When the pandemic forced NIEHS grantee Arthur Edison’s laboratory to shut down or go remote, the lab went remote. Out of what might otherwise have been a huge inconvenience came a golden opportunity to bring greater diversity into the field of metabolomics, which involves large-scale analysis of metabolites.
With assistance from an NIEHS Common Fund grant, Edison, Ph.D., from the University of Georgia (UGA), has trained undergraduate students from Savannah State and Fort Valley State universities, both historically Black schools, as well as students at UGA participating in the Peach State Louis Stokes Alliance for Minority Participation (LSAMP) network.
“Once I decided to go virtual, then it opened up a possibility for additional students who were not at UGA,” Edison said, noting that the protests surrounding George Floyd’s death last year motivated Edison and those in his lab to actively support diversity in the sciences. “I’ve been interested in reaching out and trying to diversify science for some time. It’s hard to know what to do. It’s easy to feel paralyzed and like you can’t do anything.”
That is when Edison realized there already were resources, specifically in the LSAMP network, which helped identify six students to join Edison’s remote lab.
“It’s important that students have access to research experiences to see what it’s like,” Edison explained. “In my lab, we conduct very high-level research, and the students have much better access to instrumentation than I had as an undergraduate. It’s really fulfilling for me and the rest of the team.”
The molecular elegance of C. elegans
The students have contributed to the lab’s research on how Caenorhabditis elegans (C. elegans) — a transparent nematode worm — metabolizes the toxin 1-hydroxyphenazine. The toxin is produced by one of the worm’s food sources, the bacterium Pseudomonas aeruginosa, as a defense mechanism against the worm.
C. elegans is an important model organism for environmental toxicology. It has several advantages, according to Edison.
“We can get into a level of detail with what’s going on — what happens when an organism encounters a toxin — so we can really dissect the machinery of an organism’s metabolites in ways you never could with humans or mice,” Edison said.
The students and others in Edison’s lab worked remotely in groups. The first conducted field collections of new isolates of C. elegans in Georgia, whereas the second programmed and performed bioinformatics analysis of the nematode genes that do the detoxification. The third group worked in the lab on toxicity studies, and the fourth group learned nuclear magnetic resonance spectroscopy to figure out the modifications that worms make to render 1-hydroxyphenazine nontoxic.

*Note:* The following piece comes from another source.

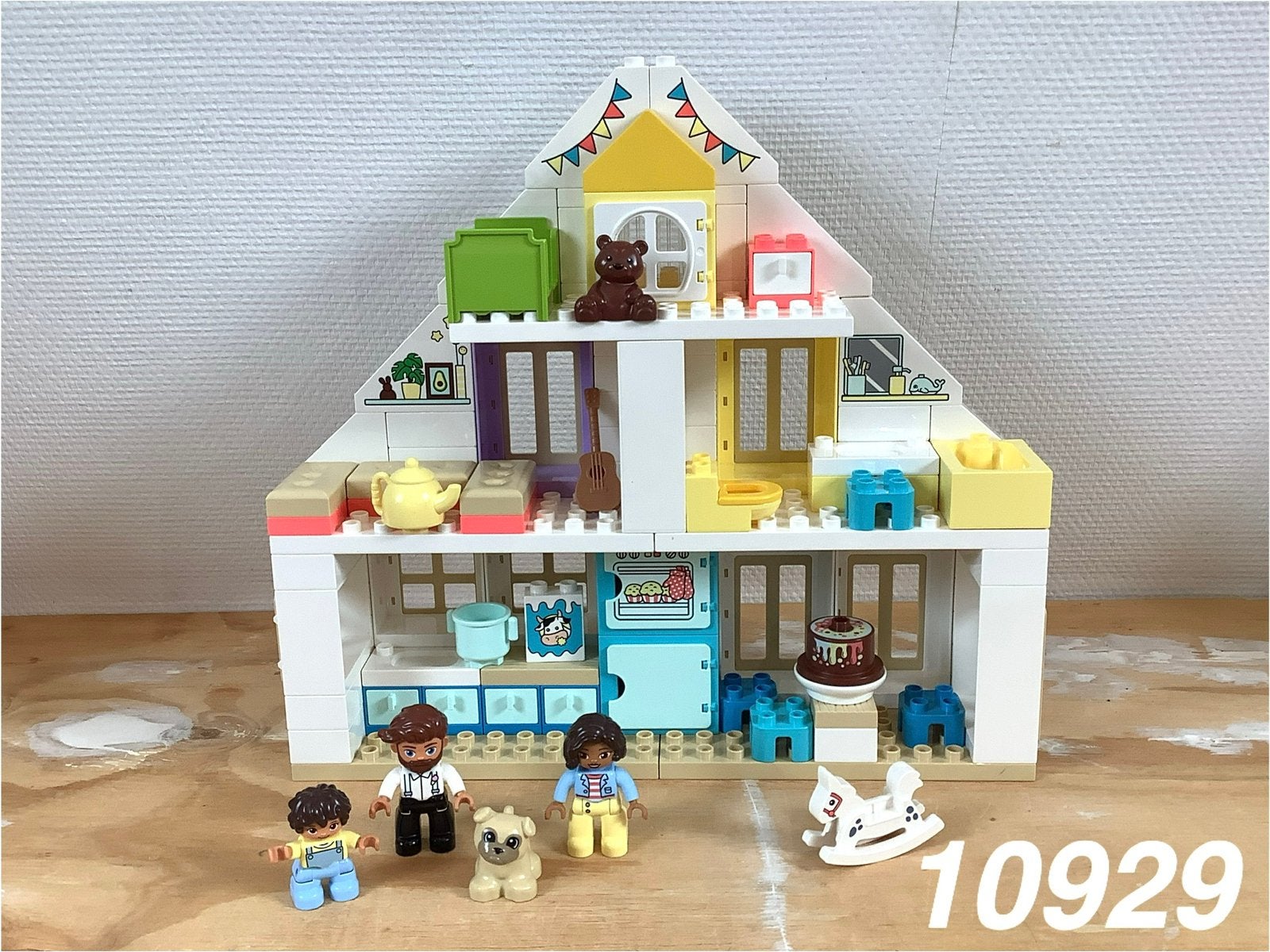 Duplo modulair speelhuis huis 10929 (compleet) 2, Ophalen of Verzenden, Zo goed als nieuw, Duplo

Research from Edison’s lab is useful in another way. More than a billion people in the world are infected by parasitic nematodes. Studying the genetic mechanisms of how C. elegans metabolizes bacterial toxins provides insight into how those nematodes develop resistance to the medications used to combat them.
Small changes make a difference
David Balshaw, Ph.D., chief of the Exposure, Response, and Technology Branch, oversees Common Fund Metabolomics projects, including Edison’s. Balshaw said that it was Edison’s description of the outreach and training afforded by the grant and the unique situation that caught his eye.

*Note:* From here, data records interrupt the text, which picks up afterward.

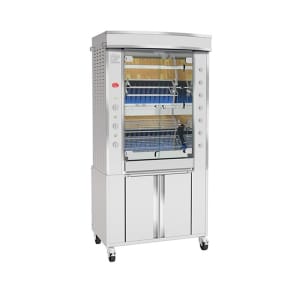 481-GF9755GSSNG Gas 5 Spit Commercial Rotisserie w/ 15 Bird Capacity, Natural Gas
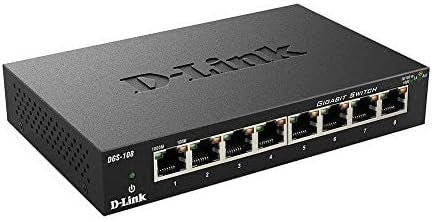 D-Link Switch 8 ports boîtier métal neuf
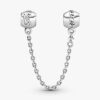 „Family Forever“-Safety Chain mit Charm – Sterlingsilber „Family Forever“-Safety Chain mit Charm – Sterlingsilber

“The last year has shone a bright light on the critical need for opportunities such as this to encourage underrepresented groups to pursue advanced training in STEM [Science, Technology, Engineering, and Math] fields,” Balshaw said. “We applaud Dr. Edison and the LSAMP for their success.”
Edison said that another outcome of the outreach and training is that nearly all of the students have expressed a desire to continue their education.
“Many of these students are interested in graduate school,” he said. “This research project is key to getting them into that. If there’s one lesson I’ve learned, it is that little steps really do make a difference. It’s just a matter of priorities and figuring out how to do it.”
(Kelley Christensen is a contract writer and editor for the NIEHS Office of Communications and Public Liaison.)